Vladimir Herzog
Vladimir Herzog interviews Helene Weigel in 1965, London. Photo: Courtesy Vladimir Herzog Collection.

MMore than 1700 items from the Vladimir Herzog Collection will be made available in a digitalform payment from the 26th of June. They are photographs, correspondence and other elements that are part of the professional and personal trajectory of the journalist and intellectual. 

The release takes place in celebration of the 83rd anniversary of Vlado's life and aims to fill a historical gap, making his work and life available to society beyond his tragic murder by agents of the military dictatorship in October 1975.

As a result of the virtual premiere of the collection, the Vladimir Herzog Institute will do a live, also on June 26, with the participation of Rogério Sottili (executive director of the Institute), Ivo Herzog (president of the Institute's Board and son of Vladimir), Luis Ludmer (technical coordinator of the Vladimir Herzog Collection) and Bianca Santana (journalist and writer).

The project is supported by Itaú Cultural, whose previous partnership was Vladimir Herzog occupation, show exhibited at Itaú Cultural with a total audience of 98,5 people, a record for 2019. 

Among the items that make up the collection are both the personal documentation – preserved for more than four decades through the efforts of Vlado's family -, as well as other materials mapped by researchers in more than 20 institutions and public and private collections.

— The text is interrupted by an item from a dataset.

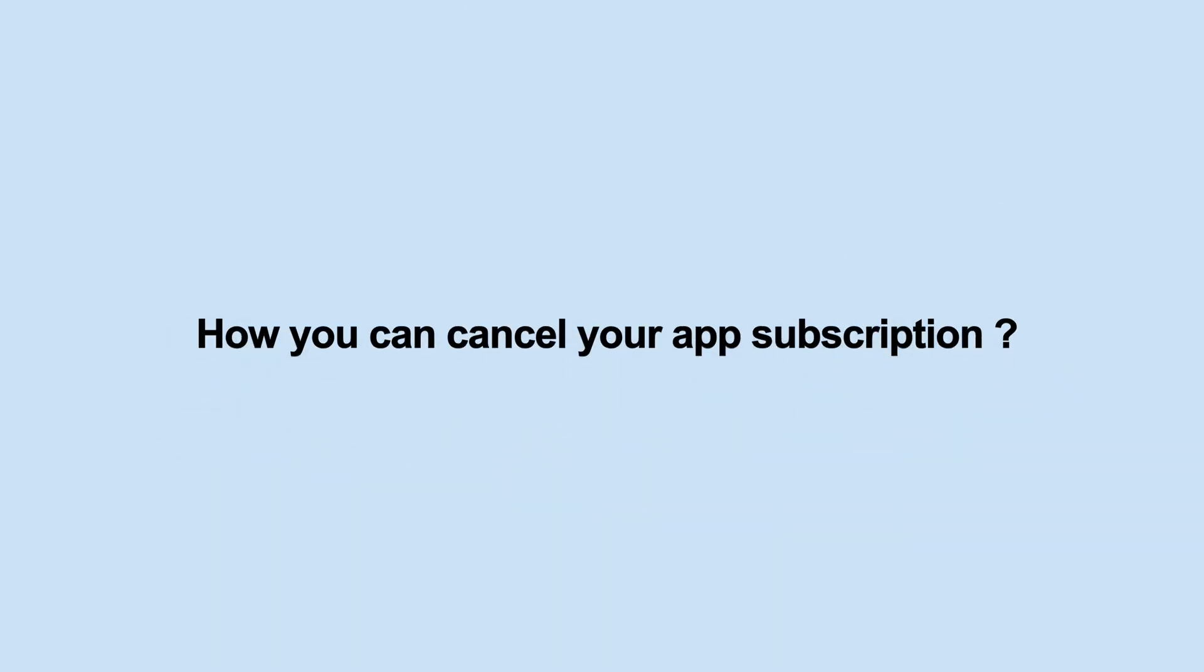Hello guys, in this video tutorial we will tell you how you can cancel your app subscription.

In addition to more than a thousand photographs, many of them recorded by Herzog himself as documentary research, 78 articles written or edited by him throughout his career can also be seen; 131 periodicals from Revista Visão, of which Vlado was editor; more than 60 letters written and/or addressed to him; and an unprecedented series in partnership with the Museu da Pessoa with 12 testimonies from the journalist's family and friends, among them the widow Clarice Herzog, the filmmaker João Batista de Andrade and the architect Ruy Ohtake. 

The platform took two years to be built, between research and organization, following archival rigor, making use of bibliographic descriptors, contextual data and texts that support the user in navigation and consultation. In it, all items are presented in a didactic way, grouped by types of documents or activities performed by Herzog. 

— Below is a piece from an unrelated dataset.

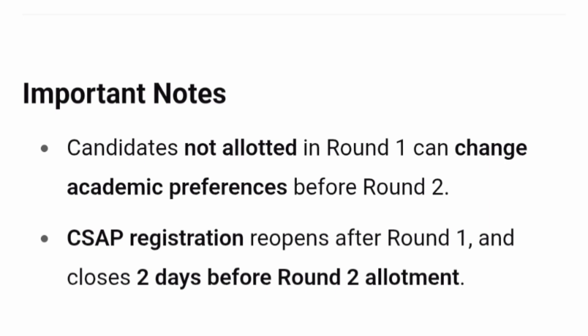Candidates not allotted in round 1 can change their academic preference before round 2. Only those students who were not allotted any seat in round 1 can change their preference. The CSAP registration reopens after round 1 and closes 2 days before the round 2 allotment, so these students should pay close attention to those timelines.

“Launching the collection at this moment is also a symbolic gesture of confronting historical revisionism and denying the horrors promoted by the military dictatorship in Brazil”, says Rogério Sottili, executive director of the Vladimir Herzog Institute. He adds that: “This action is part of a larger project of the Institute that is to promote memory, truth and justice – so that we can get to know our past and thus break the cycles of violence that have perpetuated in our history”.